Malachy, a four-year-old dog formally known as Ch. Palacegarden Malachy, charmed the packed Madison Square Garden arena crowd, who roared their approval when his win was announced.
Judge Cindy Vogels, who was sequestered from the two-day competition until she entered the ring for the best-in-show finale, described the 11-pound Malachy as "a super dog who had a stupendous night."
"He was spectacular," she said of the dog who has been number-one in the toy group for the past two years and has won 115 best-in-show titles.
"He conforms to the (breed's) standard so magnificently ... tonight, he was flawless," she said.
The Pekingese, who drew a fair amount of affectionate laughter from the crowd with his mop of highly fluffed hair, won them over with soulful glances up at handler David Fitzpatrick, as he strode about the ring at a deliberate pace that contrasted with the other dogs' trotting gates.
"Their gate should be slow and dignified," Fitzpatrick said of the toy breed. Earlier in the day, he added, the dog had been "very quiet and relaxed," although he noted "he's an extrovert in the ring."

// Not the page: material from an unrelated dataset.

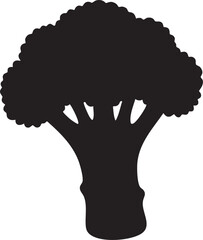 Isolated Broccoli Florets Stock Illustration of Simple Vegetable Shape on White Background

The other dogs competing in the best-in-show round included an Irish setter, a Kerry blue terrier and a Doberman pinscher. No Irish setter, Dalmatian or Dachshund has ever won best in show at Westminster, the nation's second-oldest sporting event behind only the Kentucky Derby race for thoroughbred horses.

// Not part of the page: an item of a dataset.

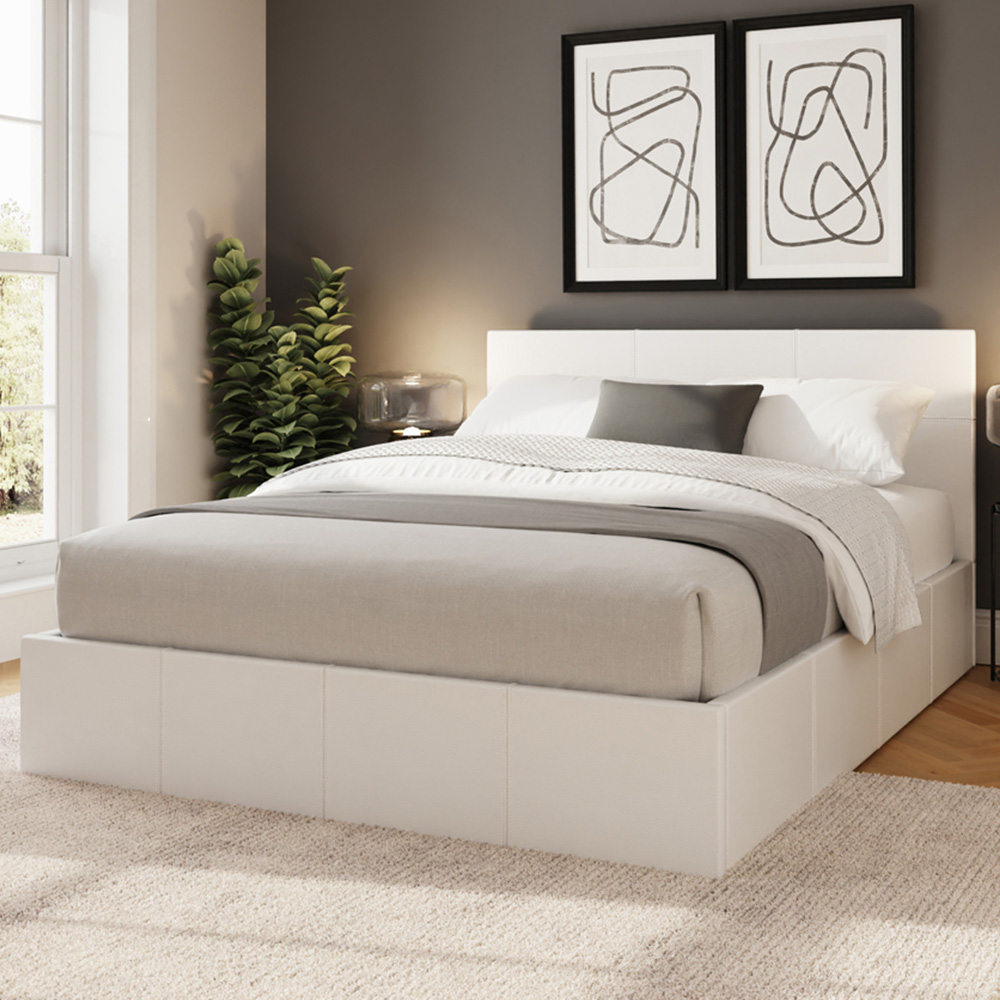 GFW Double White Faux Leather Side Lift Ottoman Bed with Bonnell Mattress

Fitzpatrick said Malachy, owned by Iris Love and Sandra Middlebrooks as well as himself, would now retire to the life of a house pet. "He won't be doing commercials, he's been working hard enough for the past two years," Fitzpatrick said.
But first, the nation's newest top dog will embark upon a string of television appearances on news and talk shows befitting other celebrities with one name, such as Madonna and Cher.
The handler promised the dog would soon be back to "running around the house and chasing squirrels outside -- all the normal things."
Describing Malachy's nature, Fitzpatrick said "he's dignified, devoted, and a wonderful companion. He's charming."